--- START ---

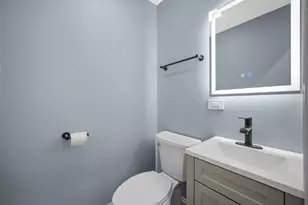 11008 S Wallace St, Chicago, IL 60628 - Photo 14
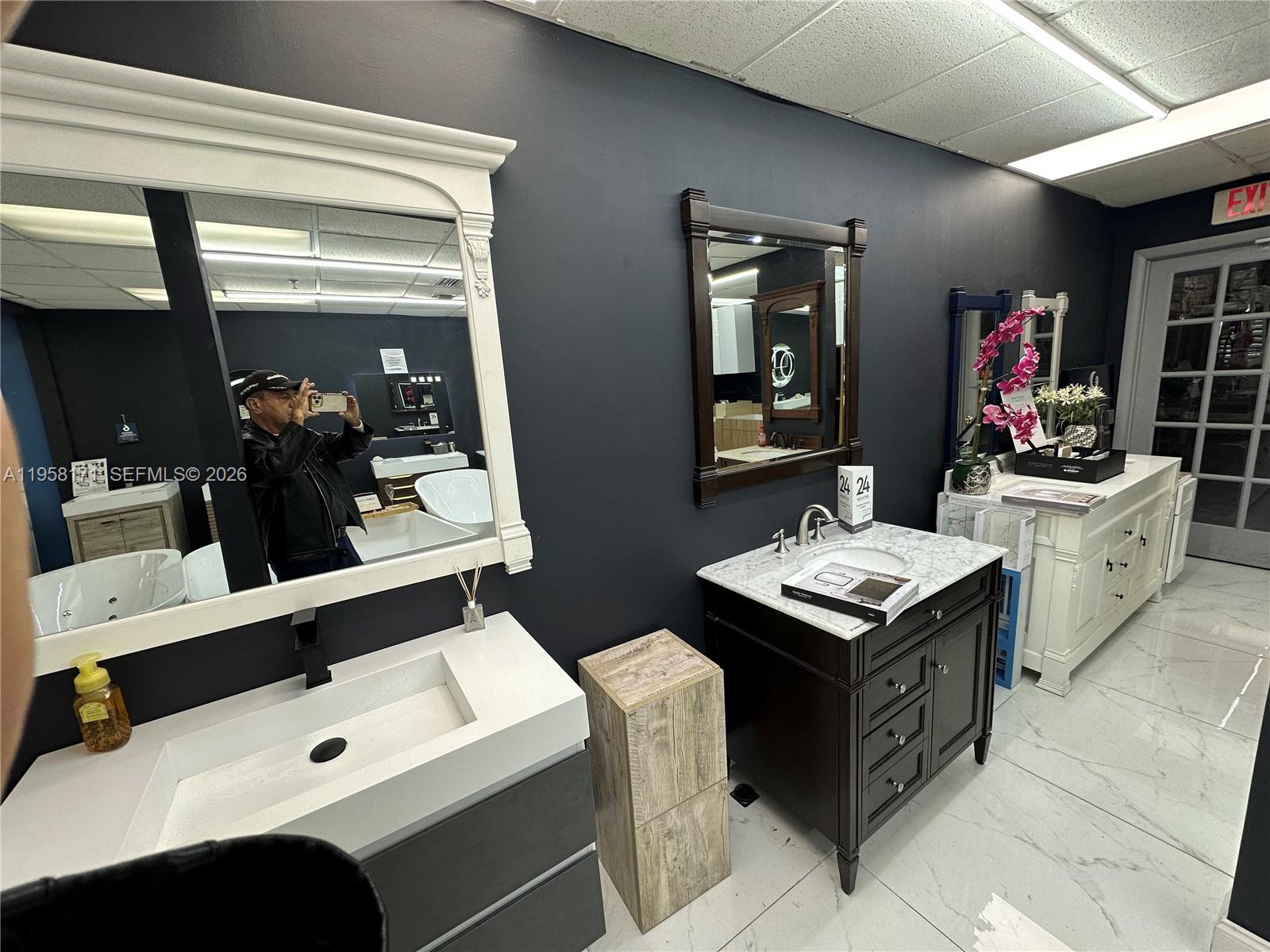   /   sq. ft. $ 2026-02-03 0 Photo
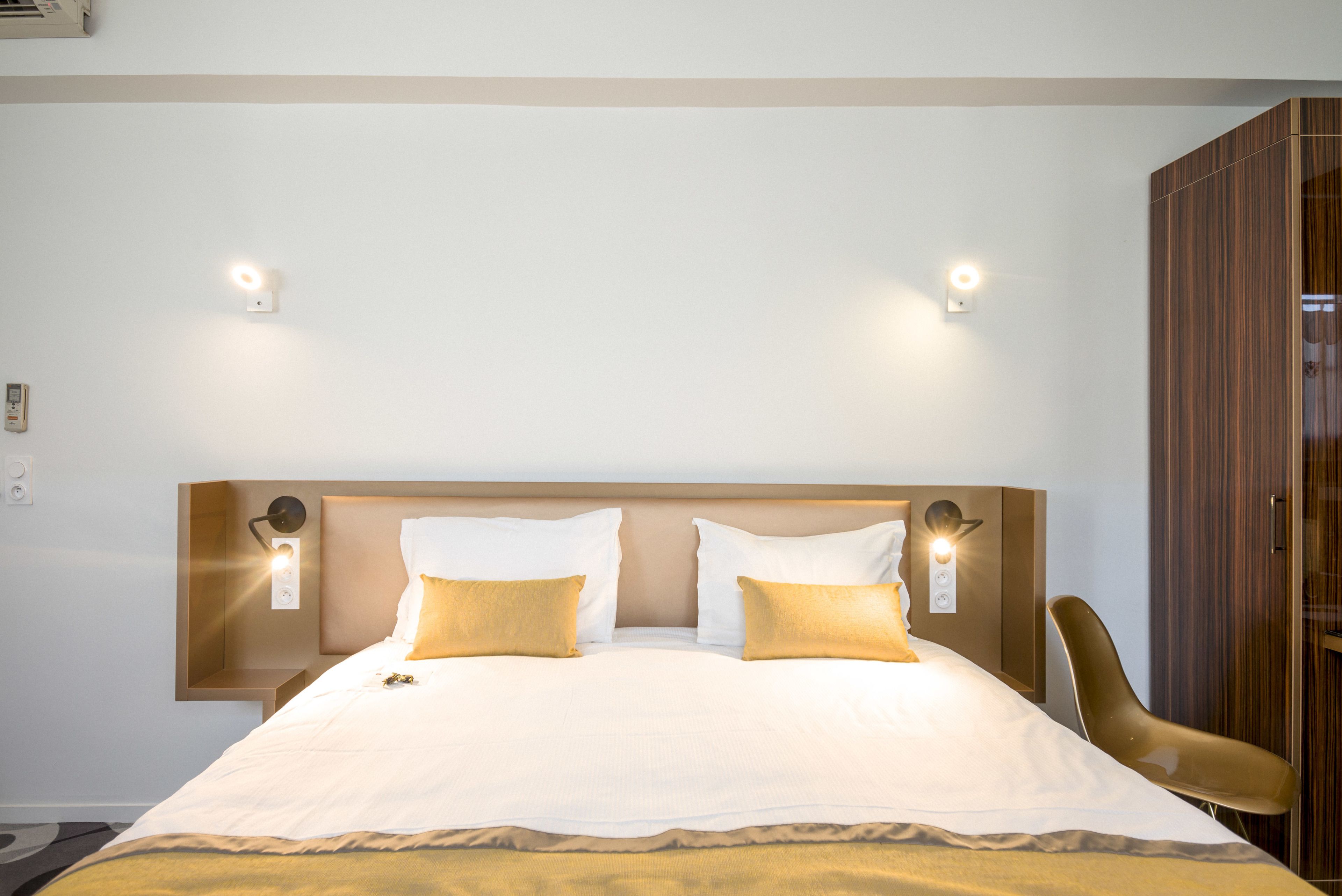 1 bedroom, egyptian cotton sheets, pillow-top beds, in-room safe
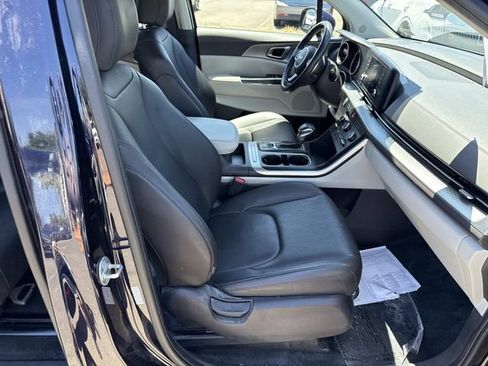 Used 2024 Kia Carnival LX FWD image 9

--- END ---
--- START ---

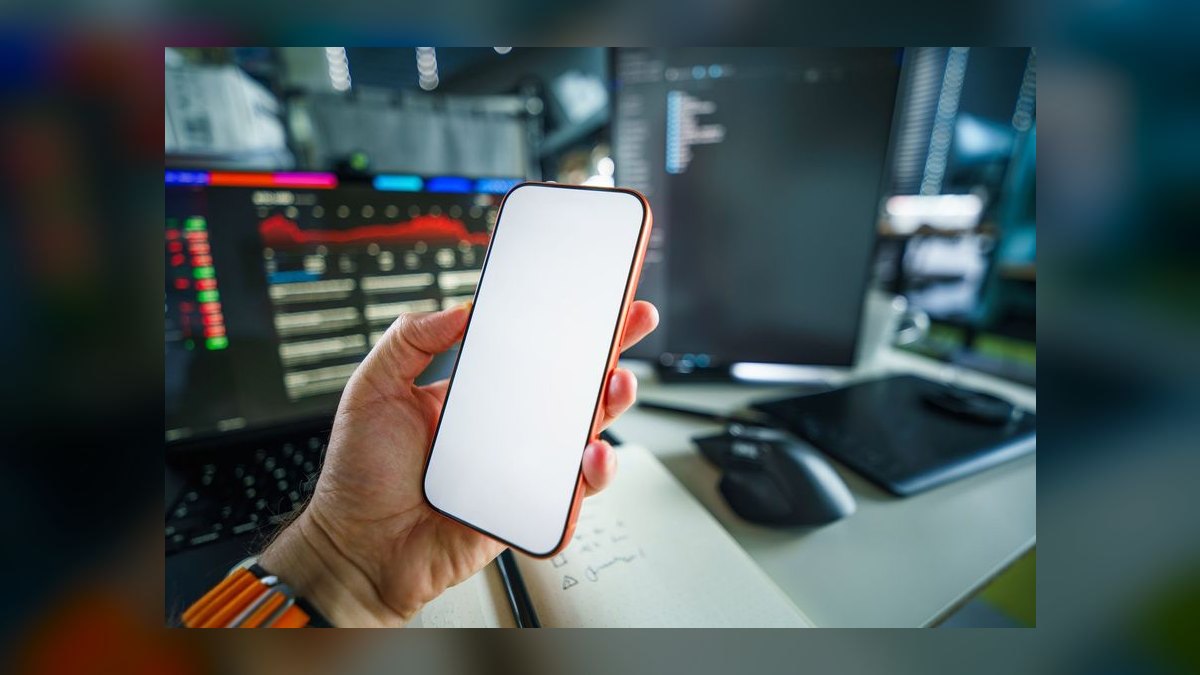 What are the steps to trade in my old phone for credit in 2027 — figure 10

--- END ---
--- START ---

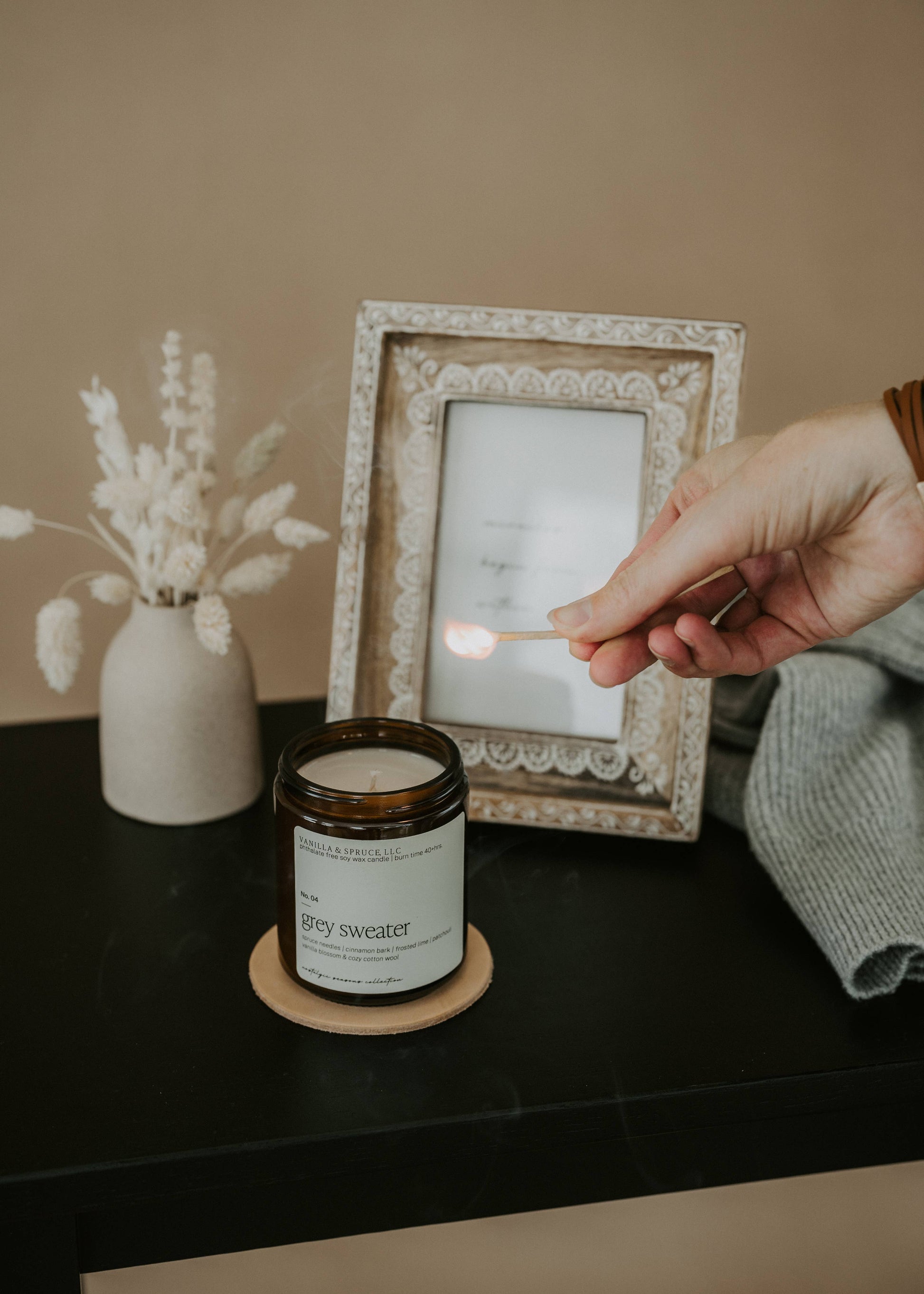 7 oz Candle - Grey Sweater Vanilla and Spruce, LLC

--- END ---

Required work
Return exactly the part of the listing above that opens with the line containing "1 bedroom, egyptian" and closes with the line containing "Used 2024 Kia Carnival LX FWD image 9". Pictures stay out.

The completed task
 1 bedroom, egyptian cotton sheets, pillow-top beds, in-room safe
 Used 2024 Kia Carnival LX FWD image 9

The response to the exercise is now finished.